Saved data entries
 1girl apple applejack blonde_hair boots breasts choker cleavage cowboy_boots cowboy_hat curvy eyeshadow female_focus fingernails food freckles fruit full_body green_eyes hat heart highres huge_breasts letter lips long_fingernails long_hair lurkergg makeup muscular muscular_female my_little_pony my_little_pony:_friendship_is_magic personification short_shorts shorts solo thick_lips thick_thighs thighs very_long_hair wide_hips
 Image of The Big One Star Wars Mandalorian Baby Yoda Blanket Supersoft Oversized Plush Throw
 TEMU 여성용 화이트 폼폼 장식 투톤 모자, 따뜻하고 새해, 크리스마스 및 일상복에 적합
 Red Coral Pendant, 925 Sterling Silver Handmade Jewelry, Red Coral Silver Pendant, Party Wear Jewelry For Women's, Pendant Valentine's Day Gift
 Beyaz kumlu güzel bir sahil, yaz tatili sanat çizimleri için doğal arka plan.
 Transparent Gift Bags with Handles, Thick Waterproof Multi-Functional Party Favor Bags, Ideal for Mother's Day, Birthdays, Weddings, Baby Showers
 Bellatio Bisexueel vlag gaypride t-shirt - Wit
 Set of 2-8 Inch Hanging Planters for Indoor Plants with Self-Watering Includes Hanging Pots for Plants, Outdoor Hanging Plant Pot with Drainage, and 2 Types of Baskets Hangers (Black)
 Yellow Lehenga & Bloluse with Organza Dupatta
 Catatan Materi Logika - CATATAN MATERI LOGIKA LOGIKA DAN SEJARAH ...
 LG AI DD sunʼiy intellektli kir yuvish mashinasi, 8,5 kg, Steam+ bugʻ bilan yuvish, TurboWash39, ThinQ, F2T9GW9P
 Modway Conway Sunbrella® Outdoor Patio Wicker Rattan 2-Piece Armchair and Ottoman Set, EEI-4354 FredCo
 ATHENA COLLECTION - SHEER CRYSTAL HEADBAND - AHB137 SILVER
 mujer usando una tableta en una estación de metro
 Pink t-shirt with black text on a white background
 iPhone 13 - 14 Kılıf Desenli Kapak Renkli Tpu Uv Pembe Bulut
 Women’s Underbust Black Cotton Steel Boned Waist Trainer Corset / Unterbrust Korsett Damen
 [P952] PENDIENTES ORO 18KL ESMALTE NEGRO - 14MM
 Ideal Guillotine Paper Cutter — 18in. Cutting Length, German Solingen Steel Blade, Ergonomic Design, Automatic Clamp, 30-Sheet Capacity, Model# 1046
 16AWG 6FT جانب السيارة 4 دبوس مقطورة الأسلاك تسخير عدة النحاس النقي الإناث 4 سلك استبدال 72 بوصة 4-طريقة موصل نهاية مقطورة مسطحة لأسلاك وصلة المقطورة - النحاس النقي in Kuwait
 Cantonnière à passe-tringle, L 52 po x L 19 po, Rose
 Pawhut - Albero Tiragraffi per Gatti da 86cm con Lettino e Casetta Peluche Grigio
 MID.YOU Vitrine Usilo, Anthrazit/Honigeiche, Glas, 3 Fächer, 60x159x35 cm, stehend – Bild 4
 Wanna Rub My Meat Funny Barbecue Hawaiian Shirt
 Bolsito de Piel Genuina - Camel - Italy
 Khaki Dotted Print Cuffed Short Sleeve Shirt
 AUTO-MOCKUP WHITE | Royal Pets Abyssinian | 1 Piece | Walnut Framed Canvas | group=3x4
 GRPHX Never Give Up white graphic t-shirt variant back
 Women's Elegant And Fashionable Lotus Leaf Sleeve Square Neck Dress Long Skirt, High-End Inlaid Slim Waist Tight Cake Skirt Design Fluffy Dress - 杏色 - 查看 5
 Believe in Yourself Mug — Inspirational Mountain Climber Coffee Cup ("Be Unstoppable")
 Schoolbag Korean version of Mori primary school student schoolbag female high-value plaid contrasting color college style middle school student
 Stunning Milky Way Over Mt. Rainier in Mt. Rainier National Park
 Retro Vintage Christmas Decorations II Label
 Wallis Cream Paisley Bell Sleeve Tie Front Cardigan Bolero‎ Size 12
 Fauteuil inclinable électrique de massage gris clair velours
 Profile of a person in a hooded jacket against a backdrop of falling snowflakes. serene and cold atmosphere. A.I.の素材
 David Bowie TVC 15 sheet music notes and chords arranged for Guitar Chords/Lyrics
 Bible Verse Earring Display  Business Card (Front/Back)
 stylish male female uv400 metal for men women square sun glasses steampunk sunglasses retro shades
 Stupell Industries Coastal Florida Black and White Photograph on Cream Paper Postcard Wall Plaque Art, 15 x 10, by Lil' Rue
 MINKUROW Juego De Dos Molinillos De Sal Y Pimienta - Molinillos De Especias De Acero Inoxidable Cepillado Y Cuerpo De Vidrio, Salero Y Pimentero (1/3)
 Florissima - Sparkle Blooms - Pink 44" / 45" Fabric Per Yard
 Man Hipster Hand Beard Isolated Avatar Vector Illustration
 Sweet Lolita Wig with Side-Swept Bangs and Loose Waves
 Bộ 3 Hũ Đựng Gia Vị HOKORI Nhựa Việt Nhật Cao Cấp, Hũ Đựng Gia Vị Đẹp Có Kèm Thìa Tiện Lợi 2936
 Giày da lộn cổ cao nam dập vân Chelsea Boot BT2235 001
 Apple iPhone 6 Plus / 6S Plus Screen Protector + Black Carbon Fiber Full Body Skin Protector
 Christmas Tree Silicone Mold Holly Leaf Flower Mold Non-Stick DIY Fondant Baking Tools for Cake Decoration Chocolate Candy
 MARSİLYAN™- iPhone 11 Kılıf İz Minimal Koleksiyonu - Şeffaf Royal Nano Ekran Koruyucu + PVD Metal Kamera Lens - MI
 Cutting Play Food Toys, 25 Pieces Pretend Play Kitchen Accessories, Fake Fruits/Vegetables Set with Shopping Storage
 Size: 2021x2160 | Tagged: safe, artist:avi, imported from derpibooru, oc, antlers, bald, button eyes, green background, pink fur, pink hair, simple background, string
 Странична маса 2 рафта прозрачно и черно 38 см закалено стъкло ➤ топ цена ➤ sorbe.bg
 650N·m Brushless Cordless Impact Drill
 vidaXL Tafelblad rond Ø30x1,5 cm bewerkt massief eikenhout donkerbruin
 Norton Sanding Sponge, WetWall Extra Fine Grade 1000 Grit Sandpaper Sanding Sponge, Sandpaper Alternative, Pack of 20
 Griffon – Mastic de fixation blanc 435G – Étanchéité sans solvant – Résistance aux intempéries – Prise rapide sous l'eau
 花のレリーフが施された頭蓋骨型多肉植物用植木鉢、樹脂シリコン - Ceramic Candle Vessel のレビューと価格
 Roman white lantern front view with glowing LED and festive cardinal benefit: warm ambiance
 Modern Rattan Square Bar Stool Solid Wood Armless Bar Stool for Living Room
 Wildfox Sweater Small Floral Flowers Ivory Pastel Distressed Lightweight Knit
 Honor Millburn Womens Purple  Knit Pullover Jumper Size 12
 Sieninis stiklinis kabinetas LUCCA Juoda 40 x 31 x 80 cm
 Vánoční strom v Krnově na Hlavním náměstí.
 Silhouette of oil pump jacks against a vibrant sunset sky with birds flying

▶ [Your objective] Give back the data above exactly as it appears.

▶ [Result of the exercise]
 1girl apple applejack blonde_hair boots breasts choker cleavage cowboy_boots cowboy_hat curvy eyeshadow female_focus fingernails food freckles fruit full_body green_eyes hat heart highres huge_breasts letter lips long_fingernails long_hair lurkergg makeup muscular muscular_female my_little_pony my_little_pony:_friendship_is_magic personification short_shorts shorts solo thick_lips thick_thighs thighs very_long_hair wide_hips
 Image of The Big One Star Wars Mandalorian Baby Yoda Blanket Supersoft Oversized Plush Throw
 TEMU 여성용 화이트 폼폼 장식 투톤 모자, 따뜻하고 새해, 크리스마스 및 일상복에 적합
 Red Coral Pendant, 925 Sterling Silver Handmade Jewelry, Red Coral Silver Pendant, Party Wear Jewelry For Women's, Pendant Valentine's Day Gift
 Beyaz kumlu güzel bir sahil, yaz tatili sanat çizimleri için doğal arka plan.
 Transparent Gift Bags with Handles, Thick Waterproof Multi-Functional Party Favor Bags, Ideal for Mother's Day, Birthdays, Weddings, Baby Showers
 Bellatio Bisexueel vlag gaypride t-shirt - Wit
 Set of 2-8 Inch Hanging Planters for Indoor Plants with Self-Watering Includes Hanging Pots for Plants, Outdoor Hanging Plant Pot with Drainage, and 2 Types of Baskets Hangers (Black)
 Yellow Lehenga & Bloluse with Organza Dupatta
 Catatan Materi Logika - CATATAN MATERI LOGIKA LOGIKA DAN SEJARAH ...
 LG AI DD sunʼiy intellektli kir yuvish mashinasi, 8,5 kg, Steam+ bugʻ bilan yuvish, TurboWash39, ThinQ, F2T9GW9P
 Modway Conway Sunbrella® Outdoor Patio Wicker Rattan 2-Piece Armchair and Ottoman Set, EEI-4354 FredCo
 ATHENA COLLECTION - SHEER CRYSTAL HEADBAND - AHB137 SILVER
 mujer usando una tableta en una estación de metro
 Pink t-shirt with black text on a white background
 iPhone 13 - 14 Kılıf Desenli Kapak Renkli Tpu Uv Pembe Bulut
 Women’s Underbust Black Cotton Steel Boned Waist Trainer Corset / Unterbrust Korsett Damen
 [P952] PENDIENTES ORO 18KL ESMALTE NEGRO - 14MM
 Ideal Guillotine Paper Cutter — 18in. Cutting Length, German Solingen Steel Blade, Ergonomic Design, Automatic Clamp, 30-Sheet Capacity, Model# 1046
 16AWG 6FT جانب السيارة 4 دبوس مقطورة الأسلاك تسخير عدة النحاس النقي الإناث 4 سلك استبدال 72 بوصة 4-طريقة موصل نهاية مقطورة مسطحة لأسلاك وصلة المقطورة - النحاس النقي in Kuwait
 Cantonnière à passe-tringle, L 52 po x L 19 po, Rose
 Pawhut - Albero Tiragraffi per Gatti da 86cm con Lettino e Casetta Peluche Grigio
 MID.YOU Vitrine Usilo, Anthrazit/Honigeiche, Glas, 3 Fächer, 60x159x35 cm, stehend – Bild 4
 Wanna Rub My Meat Funny Barbecue Hawaiian Shirt
 Bolsito de Piel Genuina - Camel - Italy
 Khaki Dotted Print Cuffed Short Sleeve Shirt
 AUTO-MOCKUP WHITE | Royal Pets Abyssinian | 1 Piece | Walnut Framed Canvas | group=3x4
 GRPHX Never Give Up white graphic t-shirt variant back
 Women's Elegant And Fashionable Lotus Leaf Sleeve Square Neck Dress Long Skirt, High-End Inlaid Slim Waist Tight Cake Skirt Design Fluffy Dress - 杏色 - 查看 5
 Believe in Yourself Mug — Inspirational Mountain Climber Coffee Cup ("Be Unstoppable")
 Schoolbag Korean version of Mori primary school student schoolbag female high-value plaid contrasting color college style middle school student
 Stunning Milky Way Over Mt. Rainier in Mt. Rainier National Park
 Retro Vintage Christmas Decorations II Label
 Wallis Cream Paisley Bell Sleeve Tie Front Cardigan Bolero‎ Size 12
 Fauteuil inclinable électrique de massage gris clair velours
 Profile of a person in a hooded jacket against a backdrop of falling snowflakes. serene and cold atmosphere. A.I.の素材
 David Bowie TVC 15 sheet music notes and chords arranged for Guitar Chords/Lyrics
 Bible Verse Earring Display  Business Card (Front/Back)
 stylish male female uv400 metal for men women square sun glasses steampunk sunglasses retro shades
 Stupell Industries Coastal Florida Black and White Photograph on Cream Paper Postcard Wall Plaque Art, 15 x 10, by Lil' Rue
 MINKUROW Juego De Dos Molinillos De Sal Y Pimienta - Molinillos De Especias De Acero Inoxidable Cepillado Y Cuerpo De Vidrio, Salero Y Pimentero (1/3)
 Florissima - Sparkle Blooms - Pink 44" / 45" Fabric Per Yard
 Man Hipster Hand Beard Isolated Avatar Vector Illustration
 Sweet Lolita Wig with Side-Swept Bangs and Loose Waves
 Bộ 3 Hũ Đựng Gia Vị HOKORI Nhựa Việt Nhật Cao Cấp, Hũ Đựng Gia Vị Đẹp Có Kèm Thìa Tiện Lợi 2936
 Giày da lộn cổ cao nam dập vân Chelsea Boot BT2235 001
 Apple iPhone 6 Plus / 6S Plus Screen Protector + Black Carbon Fiber Full Body Skin Protector
 Christmas Tree Silicone Mold Holly Leaf Flower Mold Non-Stick DIY Fondant Baking Tools for Cake Decoration Chocolate Candy
 MARSİLYAN™- iPhone 11 Kılıf İz Minimal Koleksiyonu - Şeffaf Royal Nano Ekran Koruyucu + PVD Metal Kamera Lens - MI
 Cutting Play Food Toys, 25 Pieces Pretend Play Kitchen Accessories, Fake Fruits/Vegetables Set with Shopping Storage
 Size: 2021x2160 | Tagged: safe, artist:avi, imported from derpibooru, oc, antlers, bald, button eyes, green background, pink fur, pink hair, simple background, string
 Странична маса 2 рафта прозрачно и черно 38 см закалено стъкло ➤ топ цена ➤ sorbe.bg
 650N·m Brushless Cordless Impact Drill
 vidaXL Tafelblad rond Ø30x1,5 cm bewerkt massief eikenhout donkerbruin
 Norton Sanding Sponge, WetWall Extra Fine Grade 1000 Grit Sandpaper Sanding Sponge, Sandpaper Alternative, Pack of 20
 Griffon – Mastic de fixation blanc 435G – Étanchéité sans solvant – Résistance aux intempéries – Prise rapide sous l'eau
 花のレリーフが施された頭蓋骨型多肉植物用植木鉢、樹脂シリコン - Ceramic Candle Vessel のレビューと価格
 Roman white lantern front view with glowing LED and festive cardinal benefit: warm ambiance
 Modern Rattan Square Bar Stool Solid Wood Armless Bar Stool for Living Room
 Wildfox Sweater Small Floral Flowers Ivory Pastel Distressed Lightweight Knit
 Honor Millburn Womens Purple  Knit Pullover Jumper Size 12
 Sieninis stiklinis kabinetas LUCCA Juoda 40 x 31 x 80 cm
 Vánoční strom v Krnově na Hlavním náměstí.
 Silhouette of oil pump jacks against a vibrant sunset sky with birds flying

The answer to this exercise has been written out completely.